For us, the Free Methodist Church family in Canada, to expect anything different from 2017 we would really have to posture ourselves differently, act differently, pray differently, spend differently… otherwise, we should expect pretty much the same outcomes. Our Sunday attendance and membership statistics have been decreasing. In fact, most churches in Canada are experiencing this same sad reality. Though this decrease in size is not unique to The Free Methodist Church in Canada, it is unique to Free Methodism internationally. Internationally we are growing, and the international community has issued a challenge to every conference. The challenge is called “A Decade of Harvest.” This is a call to focus attention on leading people to Jesus. Amen!
Let me start with this image: the church in Canada is too much like a cruise ship!
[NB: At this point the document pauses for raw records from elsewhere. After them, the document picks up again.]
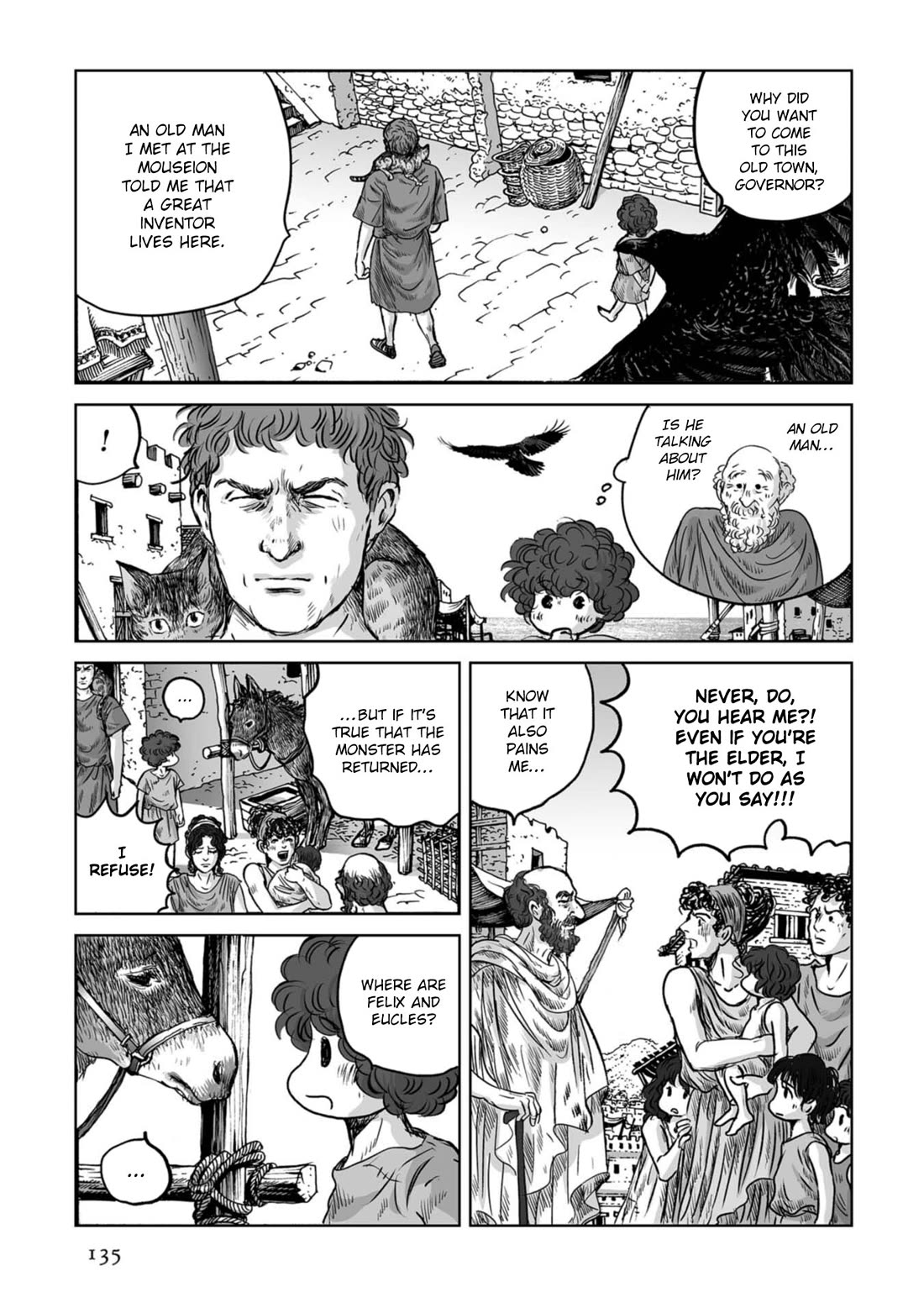 Plinivs Chapter 55 page 1 - Chapter 55: Minotaurus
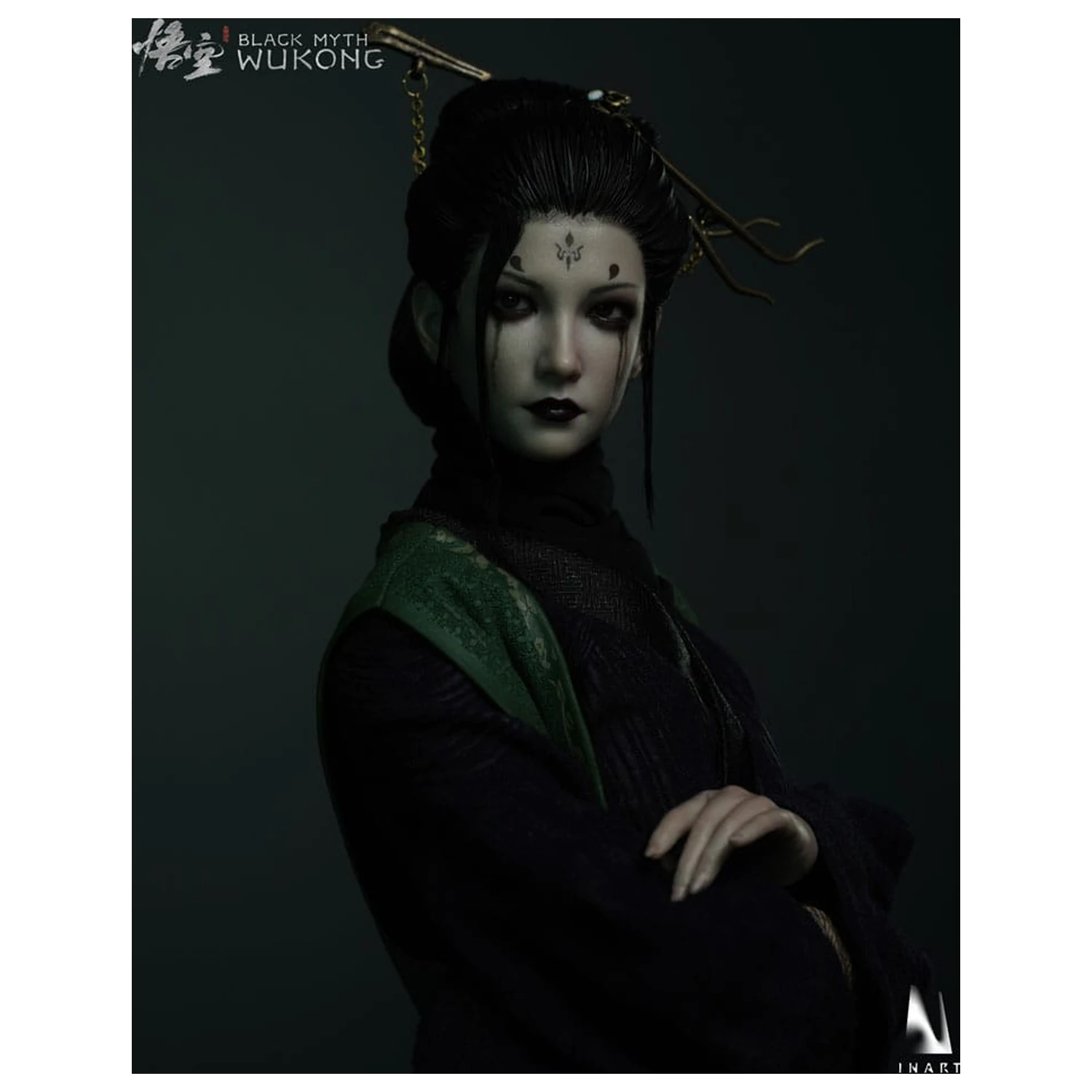 Black Myth: Wukong akcijska figura 1/6 The Fourth Sister 34 cm fotografija izdelka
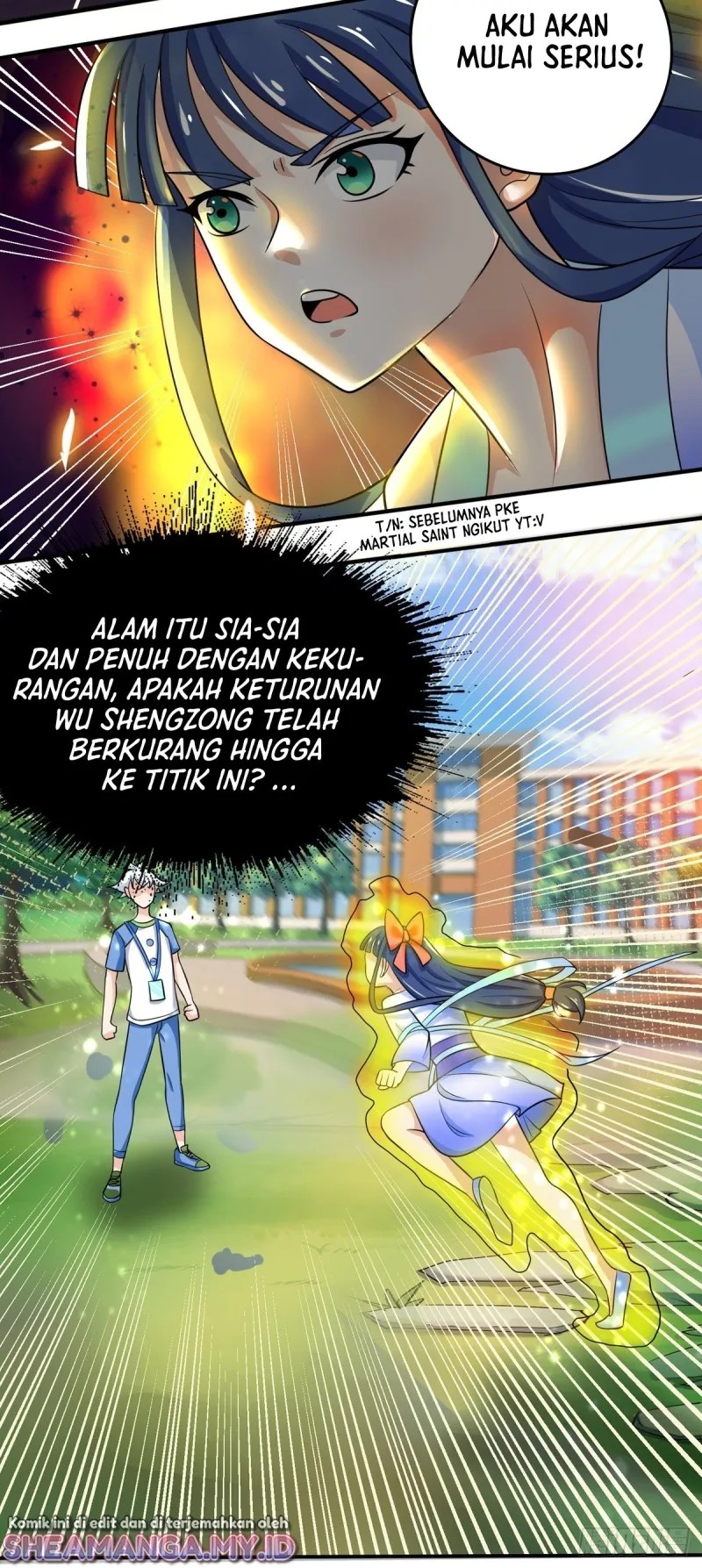 Xiuzhen Girls’ School: All Girls Want to Put Me Down Chapter 3 - halaman 14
Passengers are customers who demand excellent ‘service’; music can’t be too loud, and it needs to be my favourite type of music; food must be delicious; seating, comfortable in the auditorium; atmosphere, welcoming; clean, smooth waters; lots of good programs for our kids and youth; and if the trip is not to my liking I will choose another ship next time!
We are not a cruise ship, and I’m sorry we became this. We should be more like a coast guard ship: everyone onboard a coast guard ship is important! Each ‘passenger’ has a unique job that contributes to the whole. This ship is about saving people, and it is not likely to sail smooth waters very often (Luke 15 Jesus says that His disciples will even go searching in the wilderness – rough waters – for one who is lost). A coast guard ship is not about good service, programs, food, music or atmosphere. This ship is about saving one more person. “Forgive us Jesus for making your church into a cruise ship and us into customers, or passengers. Make us ‘crew’ ready to sail into rougher waters in order to save one more person…”
At Regional Gatherings you will hear a call for all hands on deck.
The FMCIC Coast Guard ship (sorry about bordering on being too cutesy by carrying on with this metaphor!) is setting a course focussed on saving lives – it is, after all, our calling. But, and this is very important, our starting place is PRAYER. Expect to hear a lot more about PRAYER in 2018 and to be challenged to pray differently than we have…
I’m genuinely excited about this coming year and the many initiatives that you will hear about (church planting, regional coaches, national missions’ team, children’s team, talks with other denominations, partnerships, training, planned giving) but for now I am raising only one flag, promoting only one initiative, inviting you only into one challenge: in 2018 let’s PRAY a “new song” – differently than most of us have because we desire different outcomes right? PRAYER is deeper as we dive into it, so let’s commit to “enter the throne of grace” which is no little matter. Revival prayer is a commitment to “intercession.” Intercessory prayer is being with God on behalf of another. We too often treat intercessory prayer as us delivering a message to God about someone: “God bless Bob and Sri Lanka. Amen”, and because we do this faithfully and daily, we call it intercessory prayer. The opportunity is much richer than this. It involves “entering His presence,” being in the throne of grace, listening, asking, seeing, waiting… Let’s pray…
BTW has your church appointed a Prayer Point Person yet? Have you sent our National Prayer Director or myself their contact info?